3/8/2014 9:19:08 AM
Siena Success: Miguel Franco '13
Tuesday, May 21, 2013
By Sarah Vistocco '13
Newly minted Siena College graduate Miguel Franco ’13 thought outside the box when deciding what to research for his Honors Thesis. As a student in the J. Spencer and Patricia Standish Honors Program, Franco produced an in-depth scholarly research paper on a topic that, to the casual observer, may seem a little off beat. The religious studies major, multicultural studies minor and hip-hop music fan spent the past three semesters combining two personal areas of interest in his paper titled, “Rap’s Religious Sensibilities: A Window into the Soul of the Oppressed.”
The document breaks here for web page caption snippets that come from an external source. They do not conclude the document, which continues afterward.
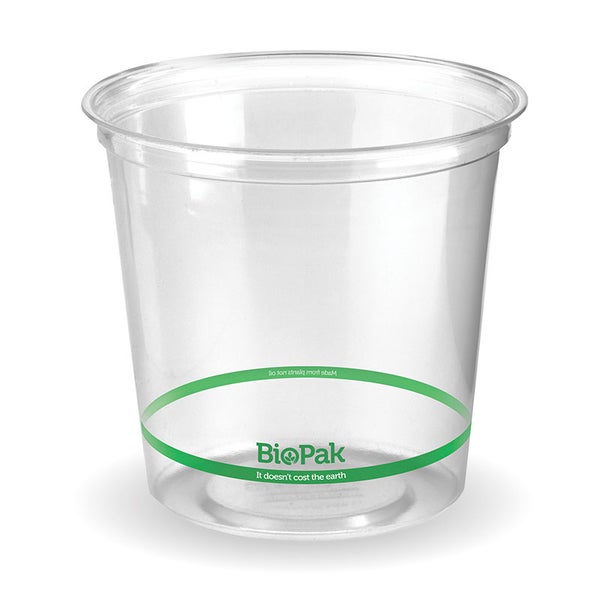 Deli Bowl Clear PLA 700ml (50)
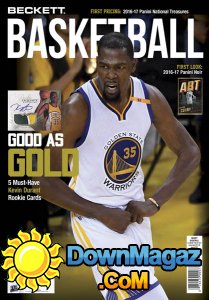 Beckett Basketball - 08.2017 Beckett Basketball - 08.2017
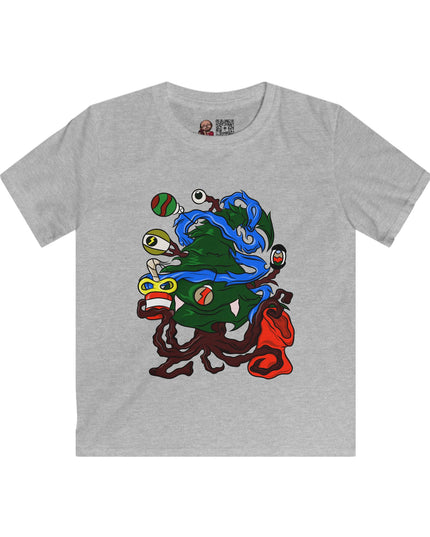 Christmas Treeant - Kids Softstyle Tee Shirt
“His work has the potential to open up new scholarly conversations regarding religious rhetoric in hip-hop music, a subject that is often overlooked by hip-hop scholars and historians,” said Todd Snyder, Ph.D., assistant professor of English.
Snyder had a profound impact on Franco’s work. Franco took Snyder’s Rhetoric(s) of Hip-Hop Culture class and it became a conduit for the academic content he needed to support his thesis. “A lot of what I wrote for this class ended up in my thesis,” said Franco. His work demonstrates how the worlds of rap and religion are not as separate as one might think.
Franco’s research focused on the historical foundations of the African-American community and its influence on the art created in the rap community from a religious perspective. “I want to show how the historical context and socioeconomic context help shape those type of stories you cling to,” said Franco.
“Miguel has a remarkably synthetic intelligence. He sees exciting, important connections among seemingly disparate ideas and practices,” said Professor of Religious Studies Tom Dickens, Ph.D., who served as Franco’s mentor throughout the writing process.
In April, Franco presented his work at the National Conference on Undergraduate Research at the University of Wisconsin-LaCrosse. The conference allowed students to share their research with peers and professionals from all fields. Four other Siena College students also attended the conference. Their trips were funded through Siena’s Center for Undergraduate Research and Creative Activity.
At the conference, Franco played a segment of Kanye West’s “Jesus Walks” music video to connect the content of his paper to the music he studied. “I played the video (and) then I showed them how I dissect … how he’s using religious rhetoric to push a religious agenda or talk about the divine through his understanding of it,” said Franco.
“One of the very basic reasons scholars and students do research in the first place is to share what they find and see what others think,” said Director of the Standish Honors Program Lois Daly Ph.D. “Miguel’s work brings together two very valuable aspects of human life: religion and music, and he does this in a way that most people will not have thought about.”
Snyder believes that Franco’s work has the ability to create a dialogue in a growing field of study. “Anyone who reads Miguel’s work will soon find that hip-hop is a subject worthy of scholarly attention,” Snyder said.